→ PROBLEM REQUIREMENTS: Look for the line containing "Ray-ban RY9572V Junior" and the line containing "ホテル Casona 1865 ラキラ エクステリア 写真" in the entries below. Copy those two and all lines between them exactly, leaving out pictures.

→ AVAILABLE DATA:
***
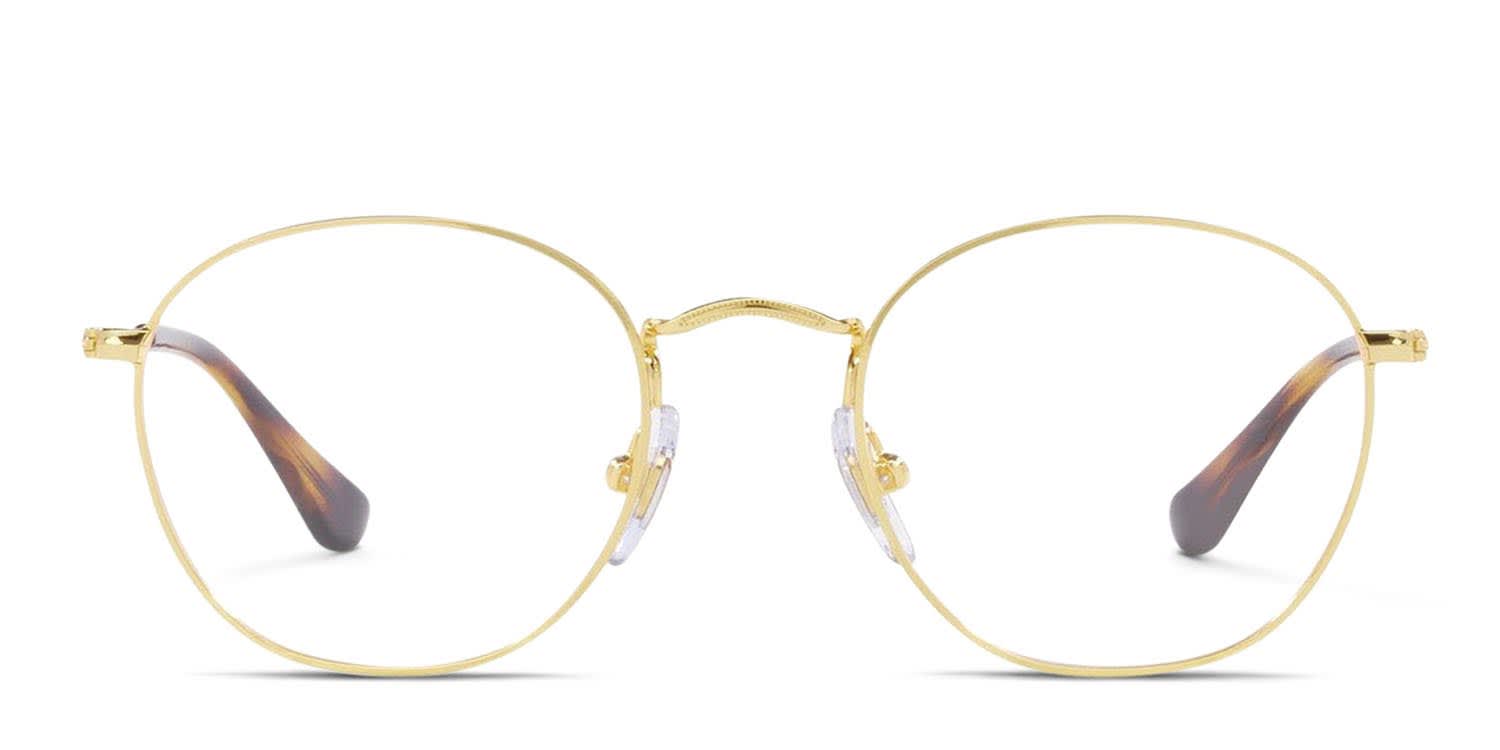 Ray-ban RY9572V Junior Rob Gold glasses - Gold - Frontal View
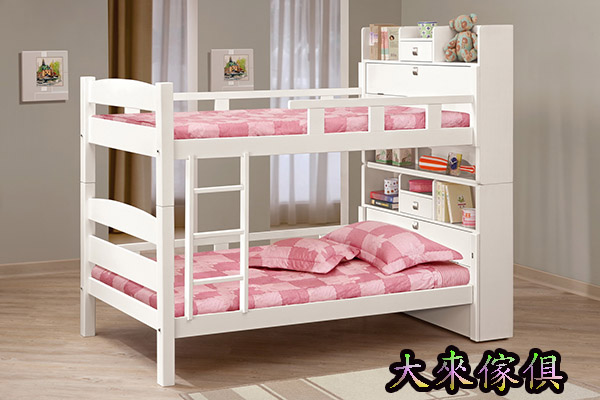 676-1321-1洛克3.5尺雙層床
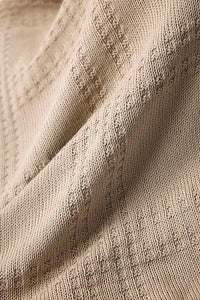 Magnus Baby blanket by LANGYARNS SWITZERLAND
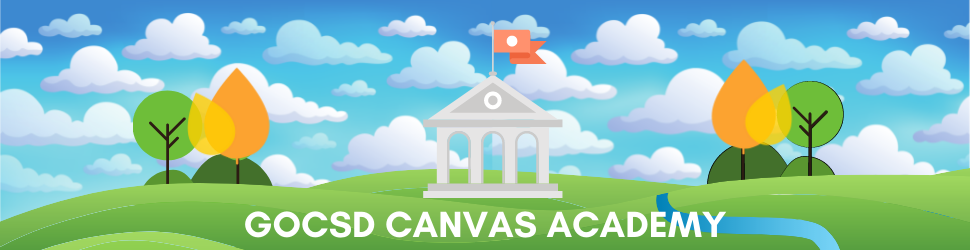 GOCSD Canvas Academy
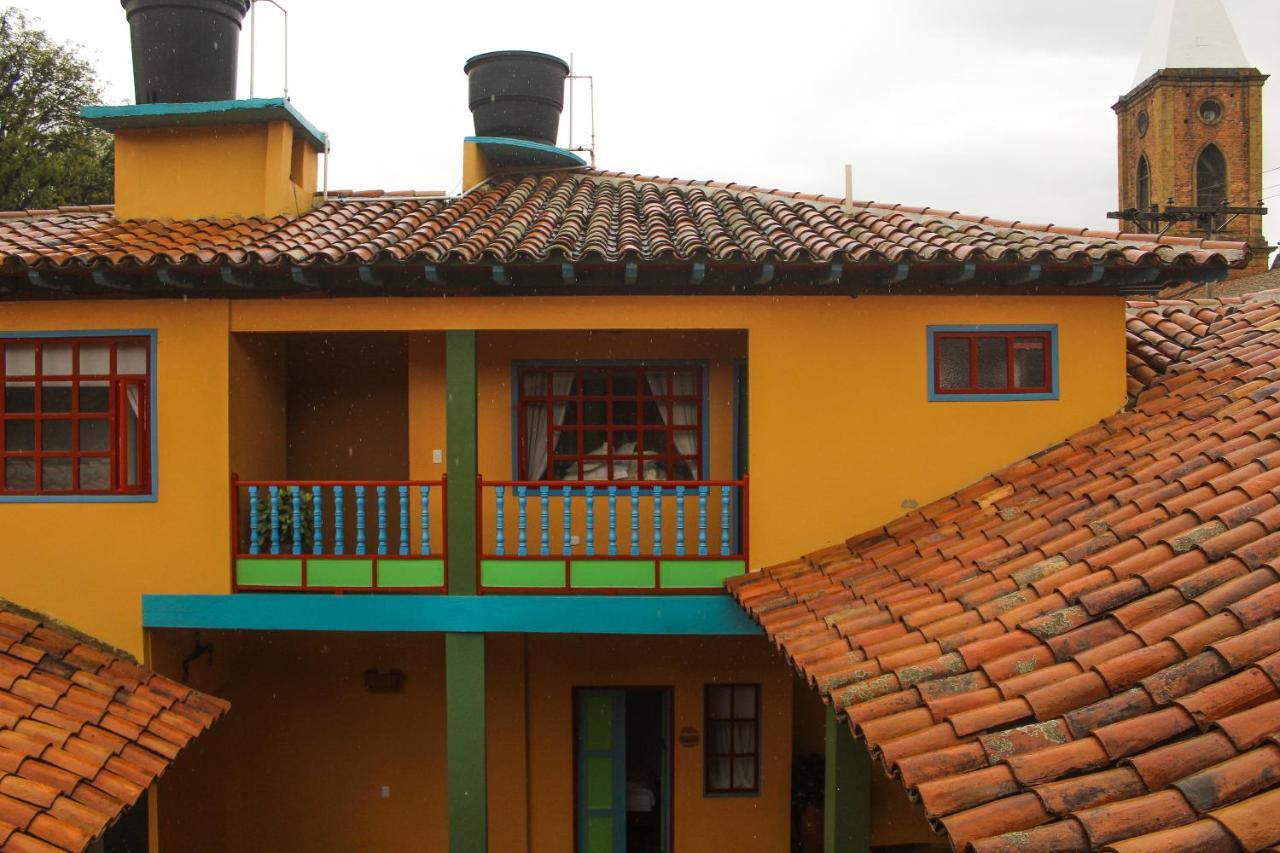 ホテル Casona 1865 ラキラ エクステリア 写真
***
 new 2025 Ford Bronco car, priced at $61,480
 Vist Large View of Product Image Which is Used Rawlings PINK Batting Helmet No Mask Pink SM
***
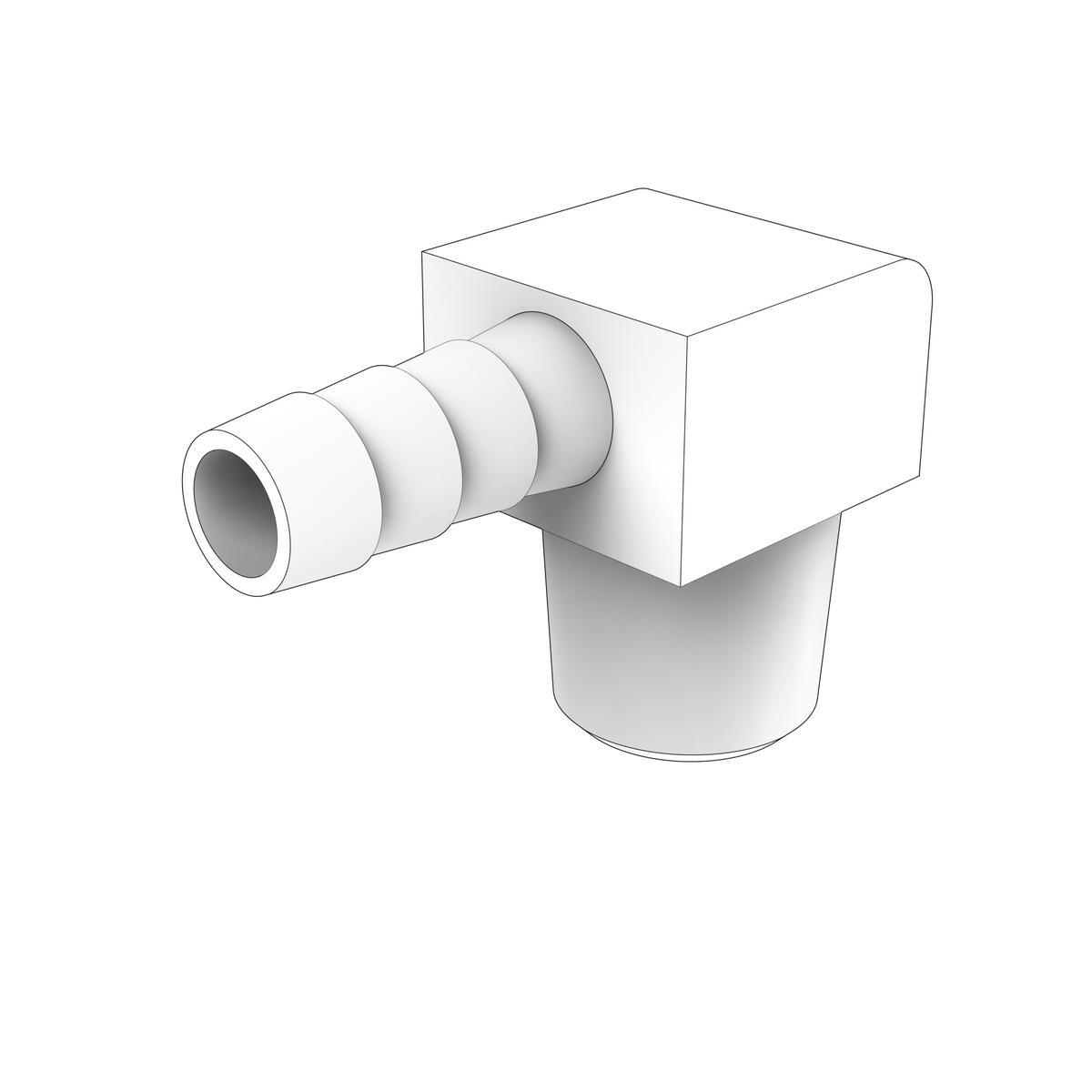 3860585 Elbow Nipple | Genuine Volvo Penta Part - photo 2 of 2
***
→ ANSWER BOX:
 Ray-ban RY9572V Junior Rob Gold glasses - Gold - Frontal View
 676-1321-1洛克3.5尺雙層床
 Magnus Baby blanket by LANGYARNS SWITZERLAND
 GOCSD Canvas Academy
 ホテル Casona 1865 ラキラ エクステリア 写真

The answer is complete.